Maybe someone can chime in on the last question, but pg 14 of the sup (dec 2015) shows the current projects at 1 million square feet at $160m or so cost. (June shows 350k sq ft, ~50m, ~10m revenue). Even higher redevelopment cost at 160/sq ft. However, they seem to project cash flow of $33 sq ft. ($20 sq ft June 2016)
On the face of it, it appears they are going for their highest value developments first and then will move down to lower cost ones.
But I see no requirement to complete this in 1 year. They seem to have 70m fcf so this could take 2-3 years for 1 m square feet. On the other hand, they do have some cash on hand of $250m to dip into. I hope they can self-sustain but I can see the counter-argument that to speed this process up they might need more cash. It's like your own business. If you don't have enough cash you can wait until your bank account builds up or you can go and get a loan if you are in a hurry to do something.

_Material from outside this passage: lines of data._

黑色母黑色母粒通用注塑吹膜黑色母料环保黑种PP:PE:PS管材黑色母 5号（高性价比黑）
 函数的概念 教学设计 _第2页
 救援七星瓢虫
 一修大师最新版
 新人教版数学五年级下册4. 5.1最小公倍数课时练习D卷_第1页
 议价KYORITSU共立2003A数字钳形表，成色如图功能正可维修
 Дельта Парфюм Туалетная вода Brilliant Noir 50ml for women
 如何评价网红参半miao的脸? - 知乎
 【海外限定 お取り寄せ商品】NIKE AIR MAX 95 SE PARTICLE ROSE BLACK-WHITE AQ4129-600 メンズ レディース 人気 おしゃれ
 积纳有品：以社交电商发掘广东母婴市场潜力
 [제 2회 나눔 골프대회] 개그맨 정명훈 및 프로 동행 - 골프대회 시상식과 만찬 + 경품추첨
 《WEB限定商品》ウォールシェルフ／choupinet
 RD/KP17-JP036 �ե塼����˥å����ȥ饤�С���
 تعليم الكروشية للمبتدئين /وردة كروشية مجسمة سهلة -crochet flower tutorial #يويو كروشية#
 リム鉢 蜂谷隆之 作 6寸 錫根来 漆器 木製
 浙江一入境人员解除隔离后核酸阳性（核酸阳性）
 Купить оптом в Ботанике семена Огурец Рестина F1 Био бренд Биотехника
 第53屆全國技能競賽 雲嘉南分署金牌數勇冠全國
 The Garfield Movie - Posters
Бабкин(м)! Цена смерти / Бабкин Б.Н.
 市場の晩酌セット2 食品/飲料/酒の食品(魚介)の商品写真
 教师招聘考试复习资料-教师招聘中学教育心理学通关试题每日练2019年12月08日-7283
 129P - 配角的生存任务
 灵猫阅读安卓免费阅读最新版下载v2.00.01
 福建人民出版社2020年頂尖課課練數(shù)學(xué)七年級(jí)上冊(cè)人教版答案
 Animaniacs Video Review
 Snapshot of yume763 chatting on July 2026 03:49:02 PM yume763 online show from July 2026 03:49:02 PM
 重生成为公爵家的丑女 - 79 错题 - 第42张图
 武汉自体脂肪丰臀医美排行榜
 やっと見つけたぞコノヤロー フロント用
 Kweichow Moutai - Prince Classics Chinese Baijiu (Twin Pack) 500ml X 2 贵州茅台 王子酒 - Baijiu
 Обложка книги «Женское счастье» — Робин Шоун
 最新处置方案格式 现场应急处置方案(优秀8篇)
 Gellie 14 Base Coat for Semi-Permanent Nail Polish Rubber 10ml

However I'm totally stumped why they pay a $1 dividend at all which doesn't make any sense to me other than a vague thought that they want to pay shareholders for "waiting around". This doesn't strike me as entirely rational. I'm not too clear on REIT laws though and whether they must pay out based on NOI or based on free cash flow after all capex. They could easily engineer to have zero or close to zero fcf if that allowed them to avoid paying a dividend and develop faster. On the other hand, Seritage appears to be a low cost supplier pushing large new supply into the retail real estate market. Perhaps there is also an argument to be made that too fast development would depress prices and the goal is a measured, steady supply coming online in conjunction with economic recovery.